Marc Lévy, un de ces auteurs dont le nom nous évoque quelque chose. Qui n’en a jamais entendu parler? Je l’ai découvert avec Et si c’était vrai (2000), une histoire d’amour entre l’esprit d’une femme dans le coma et un homme tout ce qu’il y a de plus vivant. Bien que j’ai trouvé que le roman contenait quelques longueurs et termes médicaux que je n’arrivais pas à comprendre, l’histoire a réussi à me garder sur un petit nuage.

« Ce que je vais vous dire n’est pas facile à entendre, impossible à admettre, mais si vous voulez bien écouter mon histoire, si vous voulez bien me faire confiance, alors peut-être que vous finirez par me croire et c’est bien important car vous êtes, sans le savoir, la seule personne au monde avec qui je puisse partager ce secret. » (Et si c’était vrai, p.39)

Parmi les quelques romans que j’ai lus de l’auteur, j’y ai retrouvé un amour qui fait rêver, mais aussi une petite touche d’impossible. Comme quoi l’amour est un phénomène particulier! Dans Toutes ces choses qu’on ne s’est pas dites (2008), on se retrouve face à des retrouvailles inusitées entre une fille et son père décédé. L’inexplicable que Lévy ajoute à ses romans donne à l’auteur une unicité à laquelle je me suis attachée.

« Ma chérie, même les enfants qui n’ont jamais connu leurs vrais parents ressentent tôt ou tard le besoin de renouer avec leurs racines. C’est souvent cruel pour ceux qui les ont élevés et aimés, mais la nature humaine est ainsi faite. On avance péniblement dans la vie et on ne sait pas d’où on vient. » (Toutes ces choses qu’on ne s’est pas dites, p.86)
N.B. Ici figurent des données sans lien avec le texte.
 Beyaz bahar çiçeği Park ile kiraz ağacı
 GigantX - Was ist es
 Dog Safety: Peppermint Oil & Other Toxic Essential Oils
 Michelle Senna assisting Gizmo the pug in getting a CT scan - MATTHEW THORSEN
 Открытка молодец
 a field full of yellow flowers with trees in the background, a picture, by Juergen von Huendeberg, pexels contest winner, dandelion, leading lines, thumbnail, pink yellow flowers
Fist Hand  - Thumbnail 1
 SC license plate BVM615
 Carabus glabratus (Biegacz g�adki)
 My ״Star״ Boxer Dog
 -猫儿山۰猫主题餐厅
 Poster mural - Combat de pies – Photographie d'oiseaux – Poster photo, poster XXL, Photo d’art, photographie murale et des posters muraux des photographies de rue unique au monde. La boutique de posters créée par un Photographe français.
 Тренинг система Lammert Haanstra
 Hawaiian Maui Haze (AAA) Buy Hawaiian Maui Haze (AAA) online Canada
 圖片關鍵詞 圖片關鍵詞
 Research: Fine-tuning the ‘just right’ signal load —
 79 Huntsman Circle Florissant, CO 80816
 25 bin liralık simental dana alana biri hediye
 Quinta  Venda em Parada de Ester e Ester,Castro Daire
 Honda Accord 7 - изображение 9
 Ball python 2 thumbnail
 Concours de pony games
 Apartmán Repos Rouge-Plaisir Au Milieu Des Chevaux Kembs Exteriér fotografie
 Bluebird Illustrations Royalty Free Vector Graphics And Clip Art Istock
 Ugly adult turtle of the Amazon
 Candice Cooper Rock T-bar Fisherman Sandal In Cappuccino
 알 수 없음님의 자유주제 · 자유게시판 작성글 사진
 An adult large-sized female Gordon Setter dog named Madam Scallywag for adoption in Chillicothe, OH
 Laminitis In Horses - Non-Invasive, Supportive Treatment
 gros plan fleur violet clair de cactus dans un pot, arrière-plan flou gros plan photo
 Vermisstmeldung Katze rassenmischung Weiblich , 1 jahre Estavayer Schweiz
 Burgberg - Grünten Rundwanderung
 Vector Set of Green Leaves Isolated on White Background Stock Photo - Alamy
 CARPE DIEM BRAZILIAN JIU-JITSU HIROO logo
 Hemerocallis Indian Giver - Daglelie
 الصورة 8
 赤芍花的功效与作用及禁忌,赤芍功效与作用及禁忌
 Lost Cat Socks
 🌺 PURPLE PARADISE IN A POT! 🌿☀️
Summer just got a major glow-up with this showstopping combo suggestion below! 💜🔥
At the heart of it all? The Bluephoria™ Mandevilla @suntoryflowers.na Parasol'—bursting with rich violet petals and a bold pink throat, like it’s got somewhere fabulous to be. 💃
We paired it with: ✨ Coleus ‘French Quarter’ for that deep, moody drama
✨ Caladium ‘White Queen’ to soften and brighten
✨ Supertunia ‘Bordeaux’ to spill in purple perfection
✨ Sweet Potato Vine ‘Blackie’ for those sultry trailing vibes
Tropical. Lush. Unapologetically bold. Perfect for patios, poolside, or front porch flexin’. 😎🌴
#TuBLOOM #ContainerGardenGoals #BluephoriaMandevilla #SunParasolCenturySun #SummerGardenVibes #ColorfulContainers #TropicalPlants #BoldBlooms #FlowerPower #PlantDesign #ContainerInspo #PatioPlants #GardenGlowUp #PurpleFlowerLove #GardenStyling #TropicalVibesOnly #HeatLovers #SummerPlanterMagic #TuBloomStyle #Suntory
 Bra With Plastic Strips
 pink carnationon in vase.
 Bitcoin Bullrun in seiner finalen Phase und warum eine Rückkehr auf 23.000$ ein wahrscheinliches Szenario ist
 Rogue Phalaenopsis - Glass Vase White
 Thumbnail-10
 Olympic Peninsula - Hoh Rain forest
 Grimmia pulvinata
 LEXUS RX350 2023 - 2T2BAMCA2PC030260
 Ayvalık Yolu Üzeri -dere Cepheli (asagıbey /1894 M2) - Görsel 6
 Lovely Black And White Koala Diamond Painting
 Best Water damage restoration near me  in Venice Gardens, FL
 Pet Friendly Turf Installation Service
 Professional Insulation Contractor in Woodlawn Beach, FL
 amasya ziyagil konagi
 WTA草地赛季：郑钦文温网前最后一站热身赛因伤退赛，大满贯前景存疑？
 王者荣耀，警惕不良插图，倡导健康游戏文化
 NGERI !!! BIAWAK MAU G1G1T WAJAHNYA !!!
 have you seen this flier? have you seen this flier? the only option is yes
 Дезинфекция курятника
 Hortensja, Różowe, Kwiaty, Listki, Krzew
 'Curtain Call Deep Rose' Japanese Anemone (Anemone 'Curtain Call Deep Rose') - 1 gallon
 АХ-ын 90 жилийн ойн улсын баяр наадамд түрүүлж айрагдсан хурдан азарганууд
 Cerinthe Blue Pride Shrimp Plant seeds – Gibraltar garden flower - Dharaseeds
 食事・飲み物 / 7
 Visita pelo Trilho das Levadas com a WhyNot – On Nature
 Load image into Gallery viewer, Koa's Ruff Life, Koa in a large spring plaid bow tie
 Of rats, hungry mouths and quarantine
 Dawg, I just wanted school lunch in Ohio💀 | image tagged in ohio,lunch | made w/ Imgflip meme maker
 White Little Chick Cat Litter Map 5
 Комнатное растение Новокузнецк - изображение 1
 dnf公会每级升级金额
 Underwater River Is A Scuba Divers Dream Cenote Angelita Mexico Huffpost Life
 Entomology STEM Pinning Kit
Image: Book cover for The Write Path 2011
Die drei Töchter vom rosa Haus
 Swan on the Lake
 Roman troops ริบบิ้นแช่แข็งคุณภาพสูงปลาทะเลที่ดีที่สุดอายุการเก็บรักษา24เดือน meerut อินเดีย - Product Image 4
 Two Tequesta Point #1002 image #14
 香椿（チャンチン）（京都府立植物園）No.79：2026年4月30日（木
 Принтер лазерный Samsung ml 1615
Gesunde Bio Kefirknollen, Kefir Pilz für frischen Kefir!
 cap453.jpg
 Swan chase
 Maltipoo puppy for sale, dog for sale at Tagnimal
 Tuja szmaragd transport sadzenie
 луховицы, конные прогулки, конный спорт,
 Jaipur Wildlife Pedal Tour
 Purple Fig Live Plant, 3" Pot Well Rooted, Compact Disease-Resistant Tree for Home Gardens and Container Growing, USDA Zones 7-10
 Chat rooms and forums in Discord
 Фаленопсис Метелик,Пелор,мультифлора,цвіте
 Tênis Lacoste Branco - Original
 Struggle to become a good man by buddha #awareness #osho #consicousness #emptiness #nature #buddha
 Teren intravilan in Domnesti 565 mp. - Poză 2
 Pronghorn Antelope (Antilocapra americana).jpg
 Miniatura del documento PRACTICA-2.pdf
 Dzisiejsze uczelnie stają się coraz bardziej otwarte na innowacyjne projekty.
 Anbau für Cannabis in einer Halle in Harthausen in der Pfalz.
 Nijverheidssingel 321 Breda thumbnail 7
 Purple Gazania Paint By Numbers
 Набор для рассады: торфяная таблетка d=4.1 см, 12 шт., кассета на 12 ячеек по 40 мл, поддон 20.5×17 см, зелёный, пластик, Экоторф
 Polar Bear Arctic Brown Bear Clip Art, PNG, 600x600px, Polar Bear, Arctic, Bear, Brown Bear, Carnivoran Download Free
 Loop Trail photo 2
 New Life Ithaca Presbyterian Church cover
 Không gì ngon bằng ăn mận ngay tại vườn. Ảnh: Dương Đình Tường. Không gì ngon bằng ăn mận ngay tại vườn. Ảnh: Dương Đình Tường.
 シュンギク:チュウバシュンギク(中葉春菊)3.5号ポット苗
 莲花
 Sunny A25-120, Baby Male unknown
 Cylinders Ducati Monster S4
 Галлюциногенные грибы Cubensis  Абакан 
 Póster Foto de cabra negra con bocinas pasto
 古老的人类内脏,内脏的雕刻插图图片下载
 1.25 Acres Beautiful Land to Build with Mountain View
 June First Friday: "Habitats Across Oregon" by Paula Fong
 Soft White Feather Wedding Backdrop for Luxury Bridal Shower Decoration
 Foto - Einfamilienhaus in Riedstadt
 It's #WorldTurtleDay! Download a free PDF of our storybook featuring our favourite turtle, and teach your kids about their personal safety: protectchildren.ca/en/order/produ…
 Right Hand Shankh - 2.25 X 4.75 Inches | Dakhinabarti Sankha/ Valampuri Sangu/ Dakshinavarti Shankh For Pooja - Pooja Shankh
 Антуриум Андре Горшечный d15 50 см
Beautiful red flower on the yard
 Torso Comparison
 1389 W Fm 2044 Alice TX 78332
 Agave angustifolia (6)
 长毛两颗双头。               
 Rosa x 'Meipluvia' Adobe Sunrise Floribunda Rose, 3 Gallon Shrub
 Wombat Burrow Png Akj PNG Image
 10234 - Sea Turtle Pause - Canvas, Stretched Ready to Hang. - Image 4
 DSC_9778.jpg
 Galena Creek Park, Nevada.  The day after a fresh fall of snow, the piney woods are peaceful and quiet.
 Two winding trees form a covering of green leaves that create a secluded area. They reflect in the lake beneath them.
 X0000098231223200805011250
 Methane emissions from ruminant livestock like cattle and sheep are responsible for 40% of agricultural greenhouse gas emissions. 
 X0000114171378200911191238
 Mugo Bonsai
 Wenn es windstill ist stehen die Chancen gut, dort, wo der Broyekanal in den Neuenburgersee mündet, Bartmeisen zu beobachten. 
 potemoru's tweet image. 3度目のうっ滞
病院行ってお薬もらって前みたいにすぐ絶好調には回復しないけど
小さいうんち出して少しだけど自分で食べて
Mon coup de cœur jusqu’à présent est Sept jours pour une éternité (2003). Ce récit porte sur la relation imprévue que bâtiront un agent de Lucifer avec un agent de Dieu. Et si le bien et le mal n’étaient qu’en fait deux entités au fond semblable? Bien que le roman évoque le nom de Dieu, on n’y parle pas de religion, mais bien plus du principe du bien et du mal. J’ai apprécié cette histoire qu’on imaginerait encore une fois impossible, mais qui réussit à aller contre vents et marées.

« L’amour c’est une parcelle d’espoir, le renouvellement perpétuel du monde, le chemin de la terre promise. J’ai créé la différence pour que l’humanité cultive l’intelligence : un monde homogène aurait été triste à mourir! Et puis la mort n’est qu’un moment de la vie pour celui ou celle qui a su aimer et être aimé. » (Sept jours pour une éternité, p.165)

Je suis tombée sur Les enfants de la liberté (2007) dans une bibliothèque de rue et j’ai bien hâte de m’y lancer. Si vous l’avez lu, je serais curieuse d’avoir vos commentaires! Si vous connaissez une personne sentimentale dans votre entourage, Lévy est à mon avis un incontournable!